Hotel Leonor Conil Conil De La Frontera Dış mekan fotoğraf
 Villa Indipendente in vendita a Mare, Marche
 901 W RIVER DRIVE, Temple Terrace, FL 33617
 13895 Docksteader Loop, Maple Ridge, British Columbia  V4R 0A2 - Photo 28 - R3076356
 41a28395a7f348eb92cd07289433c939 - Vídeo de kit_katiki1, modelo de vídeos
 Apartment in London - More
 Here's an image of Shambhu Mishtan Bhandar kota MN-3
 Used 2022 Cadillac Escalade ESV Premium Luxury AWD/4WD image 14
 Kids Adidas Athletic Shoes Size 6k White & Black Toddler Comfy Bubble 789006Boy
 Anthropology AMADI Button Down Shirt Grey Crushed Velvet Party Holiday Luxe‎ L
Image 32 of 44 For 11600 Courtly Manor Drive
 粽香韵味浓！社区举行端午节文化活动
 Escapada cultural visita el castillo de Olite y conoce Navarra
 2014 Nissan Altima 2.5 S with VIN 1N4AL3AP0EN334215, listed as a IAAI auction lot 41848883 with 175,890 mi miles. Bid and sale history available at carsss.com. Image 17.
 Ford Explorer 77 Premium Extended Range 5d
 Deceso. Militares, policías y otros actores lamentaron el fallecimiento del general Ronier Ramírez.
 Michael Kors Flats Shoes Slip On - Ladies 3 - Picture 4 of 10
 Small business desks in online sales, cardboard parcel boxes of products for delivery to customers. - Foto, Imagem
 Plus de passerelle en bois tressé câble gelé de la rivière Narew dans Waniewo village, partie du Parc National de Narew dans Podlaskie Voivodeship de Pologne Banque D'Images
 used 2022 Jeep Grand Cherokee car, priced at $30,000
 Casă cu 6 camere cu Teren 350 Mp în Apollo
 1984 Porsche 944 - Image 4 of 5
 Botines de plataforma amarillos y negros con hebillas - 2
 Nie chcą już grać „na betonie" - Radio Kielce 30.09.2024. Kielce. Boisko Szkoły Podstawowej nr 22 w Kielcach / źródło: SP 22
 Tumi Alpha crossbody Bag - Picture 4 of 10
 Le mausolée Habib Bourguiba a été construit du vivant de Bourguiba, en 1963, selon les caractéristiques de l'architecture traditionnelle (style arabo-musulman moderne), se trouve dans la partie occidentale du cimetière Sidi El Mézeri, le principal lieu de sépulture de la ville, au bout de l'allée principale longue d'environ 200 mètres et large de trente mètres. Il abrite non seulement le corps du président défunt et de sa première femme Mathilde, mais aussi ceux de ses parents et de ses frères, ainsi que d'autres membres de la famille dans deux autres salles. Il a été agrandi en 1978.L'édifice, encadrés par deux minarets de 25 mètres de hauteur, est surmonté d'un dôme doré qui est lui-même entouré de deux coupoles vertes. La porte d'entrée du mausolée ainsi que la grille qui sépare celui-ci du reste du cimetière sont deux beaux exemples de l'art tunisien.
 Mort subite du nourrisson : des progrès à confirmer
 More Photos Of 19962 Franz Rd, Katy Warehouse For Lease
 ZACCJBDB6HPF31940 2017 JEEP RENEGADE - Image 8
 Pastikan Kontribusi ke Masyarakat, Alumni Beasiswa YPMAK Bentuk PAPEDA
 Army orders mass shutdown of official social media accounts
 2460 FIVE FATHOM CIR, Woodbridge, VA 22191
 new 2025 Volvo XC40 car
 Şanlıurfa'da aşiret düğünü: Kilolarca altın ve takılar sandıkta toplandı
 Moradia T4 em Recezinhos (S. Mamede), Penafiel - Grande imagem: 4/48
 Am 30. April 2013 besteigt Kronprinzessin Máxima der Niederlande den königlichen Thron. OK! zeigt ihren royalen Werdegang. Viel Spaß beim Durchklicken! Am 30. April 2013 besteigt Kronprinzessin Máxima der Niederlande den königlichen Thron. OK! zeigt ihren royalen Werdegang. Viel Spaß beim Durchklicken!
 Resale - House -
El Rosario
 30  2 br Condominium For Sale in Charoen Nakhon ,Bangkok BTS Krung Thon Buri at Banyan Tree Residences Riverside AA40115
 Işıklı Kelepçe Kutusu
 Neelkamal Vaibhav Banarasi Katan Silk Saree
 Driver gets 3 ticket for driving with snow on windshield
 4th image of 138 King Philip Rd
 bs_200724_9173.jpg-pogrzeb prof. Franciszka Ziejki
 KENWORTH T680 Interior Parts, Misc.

→ REQUIRED WORK:
Which lines of the listing contain the string "with"? Copy every one of them.

→ RESULT:
 2014 Nissan Altima 2.5 S with VIN 1N4AL3AP0EN334215, listed as a IAAI auction lot 41848883 with 175,890 mi miles. Bid and sale history available at carsss.com. Image 17.
 Driver gets 3 ticket for driving with snow on windshield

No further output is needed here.